**Problem:**
What you return should be the full listing, copied exactly and stripped of its pictures.

··· Given material

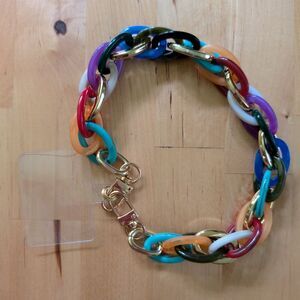 Acrylic Strap 15" Phone Wristlet or Bag Flair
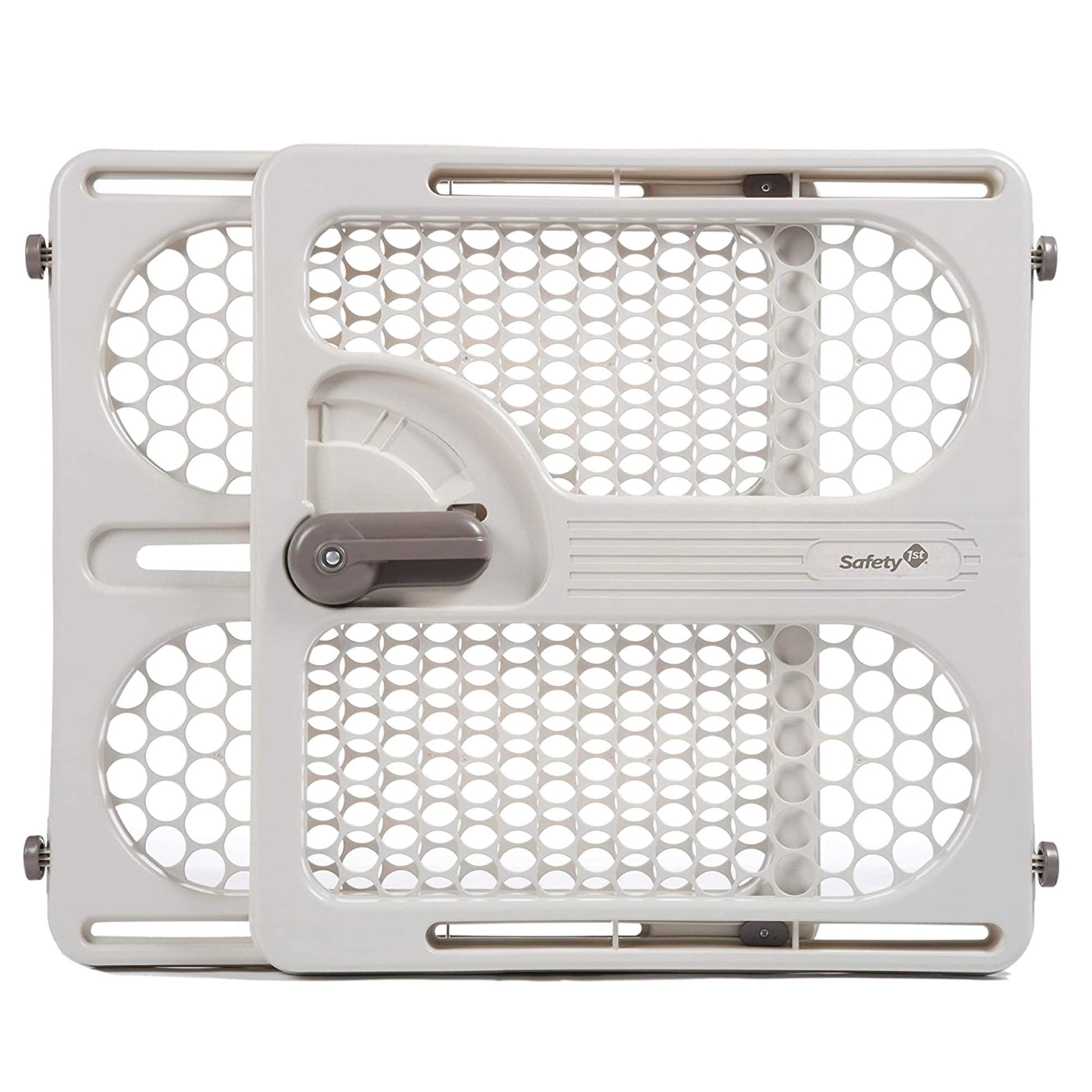Safety 1st Pressure Mount Easy Fit Security Gate, Fits Spaces between 28" and 40", and 27" Tall, White Safety 1st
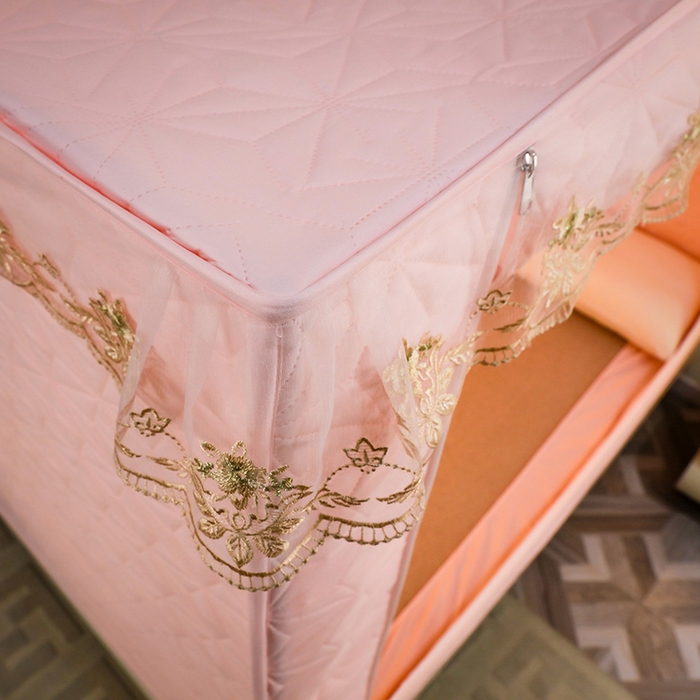 91家纺网 家纺一手货源 找家纺 （总）窝里暖 2025新款冬季保暖夹棉遮光床帘蚊帐（五块夹棉）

······

**Solution below:**
 Acrylic Strap 15" Phone Wristlet or Bag Flair
Safety 1st Pressure Mount Easy Fit Security Gate, Fits Spaces between 28" and 40", and 27" Tall, White Safety 1st
 91家纺网 家纺一手货源 找家纺 （总）窝里暖 2025新款冬季保暖夹棉遮光床帘蚊帐（五块夹棉）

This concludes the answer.